(Caption-style text data)
--------

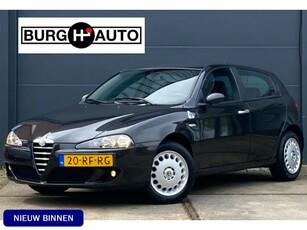 Alfa Romeo 147 1.6 T.Spark Distinctive 5 deurs - LEDER - ECC - CRUISE CONTROLE - NL AUTO - NAP - APK T/M 18-04-2025 -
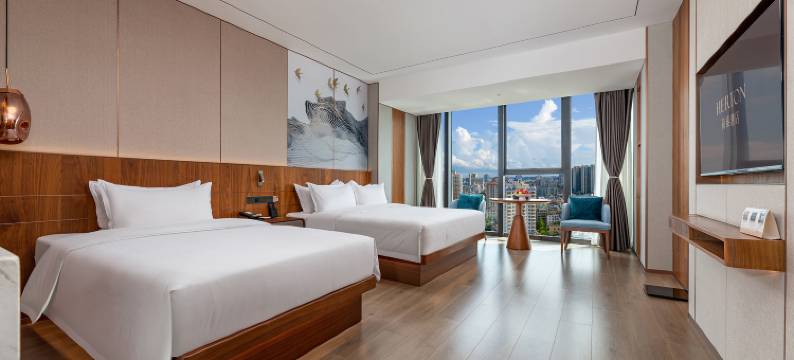 荷泰酒店(高铁东站龙湖天街店)图片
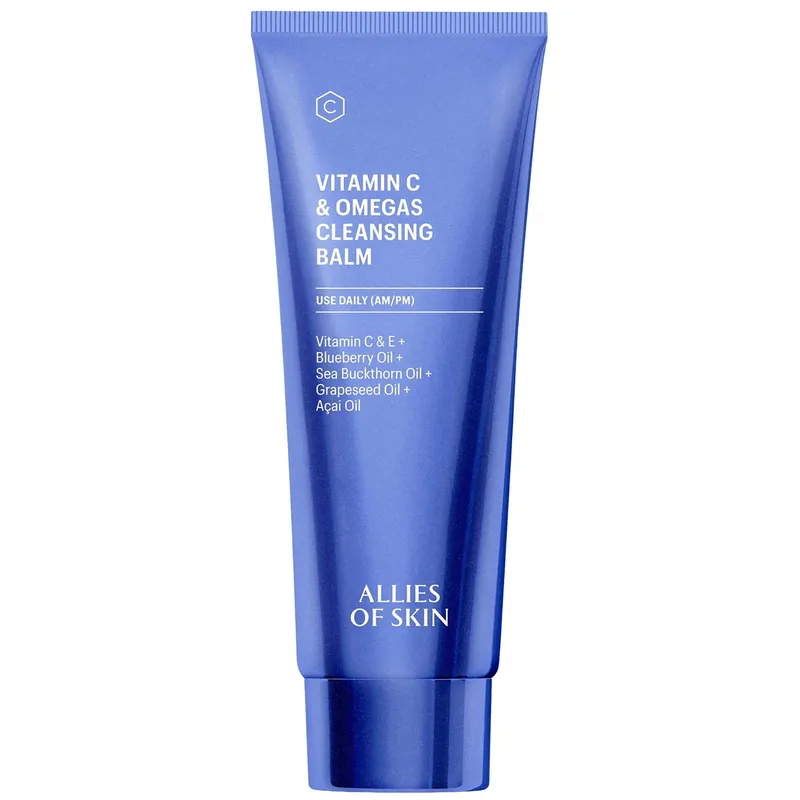 Allies of Skin Vitamin C & Omegas Cleansing Balm 100ml - SkinCeuticals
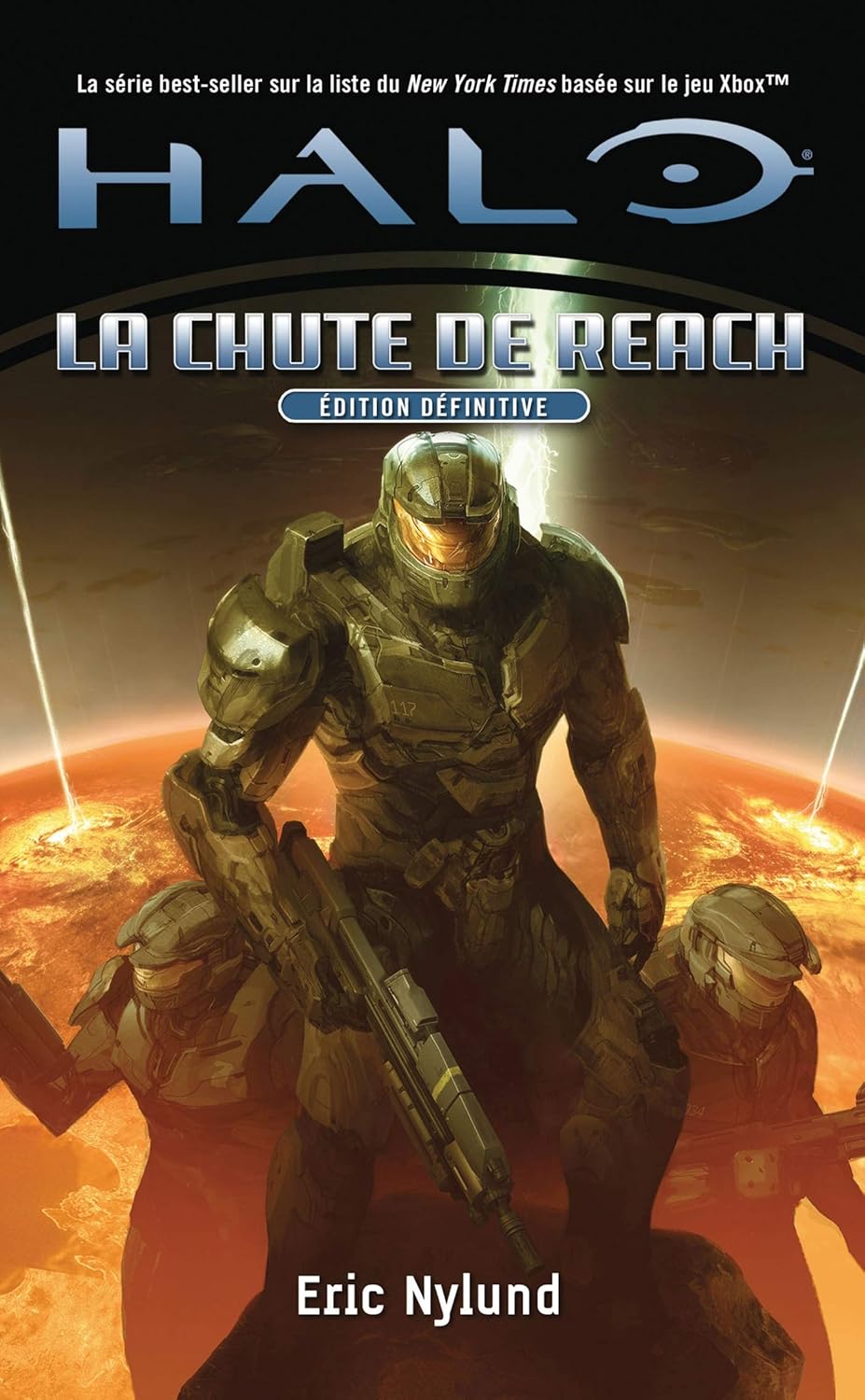 Livre La chute de Reach - Eric Nylund (Livre d'occasion)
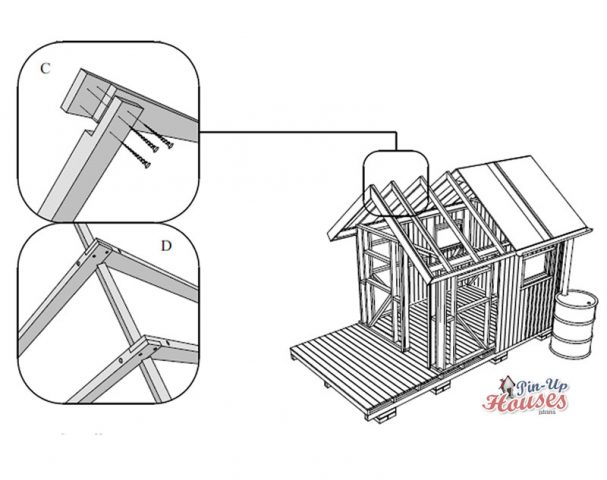 roof trusses bracing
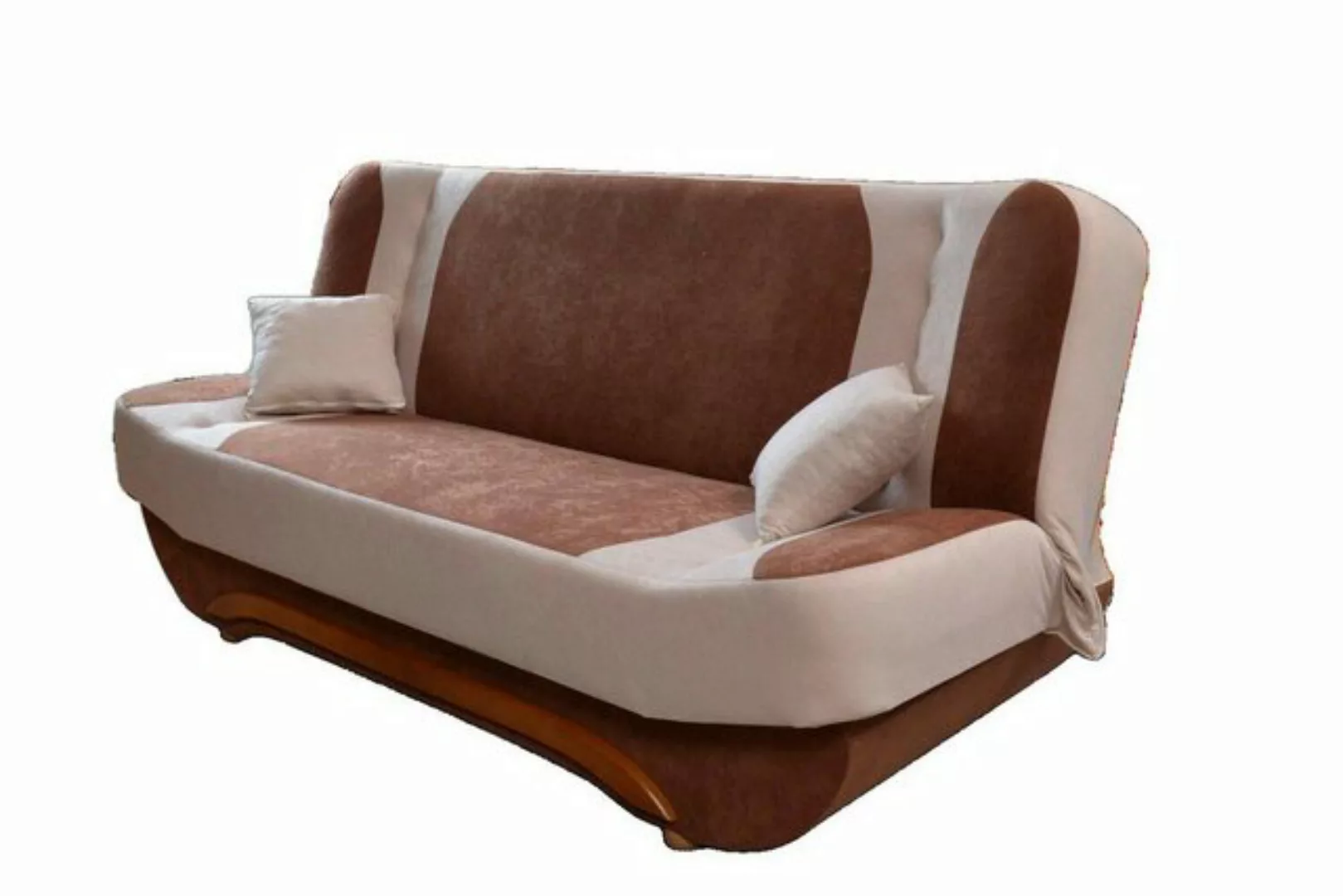 JVmoebel Sofa Couch Schlafsofa XXL Textil Big Sofa Couchen 3Sitzer, Made in günstig online kaufen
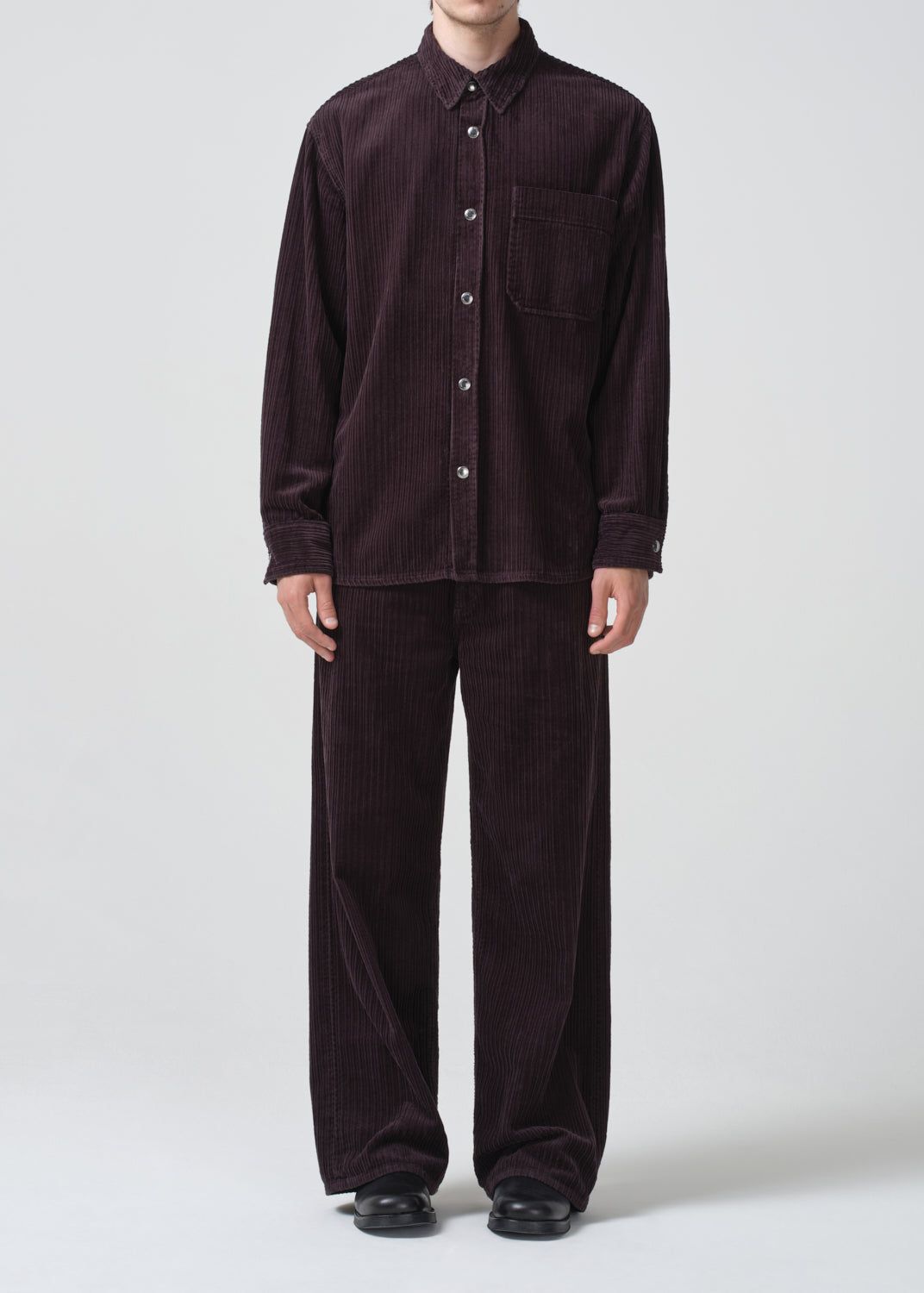 Odele Corduroy Shirt in Wig sold by Agolde product image thumbnail 2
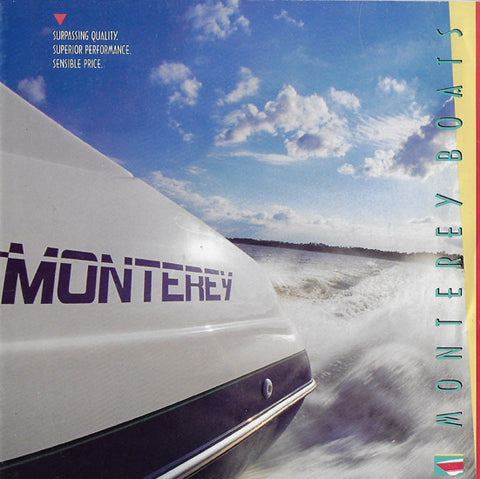 Monterey 1992 Brochure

--------

:: WHAT YOU ARE ASKED TO DO ::
Reproduce the entries above without change, omitting all pictures.

:: OUTPUT BELOW ::
 Alfa Romeo 147 1.6 T.Spark Distinctive 5 deurs - LEDER - ECC - CRUISE CONTROLE - NL AUTO - NAP - APK T/M 18-04-2025 -
 荷泰酒店(高铁东站龙湖天街店)图片
 Allies of Skin Vitamin C & Omegas Cleansing Balm 100ml - SkinCeuticals
 Livre La chute de Reach - Eric Nylund (Livre d'occasion)
 roof trusses bracing
 JVmoebel Sofa Couch Schlafsofa XXL Textil Big Sofa Couchen 3Sitzer, Made in günstig online kaufen
 Odele Corduroy Shirt in Wig sold by Agolde product image thumbnail 2
 Monterey 1992 Brochure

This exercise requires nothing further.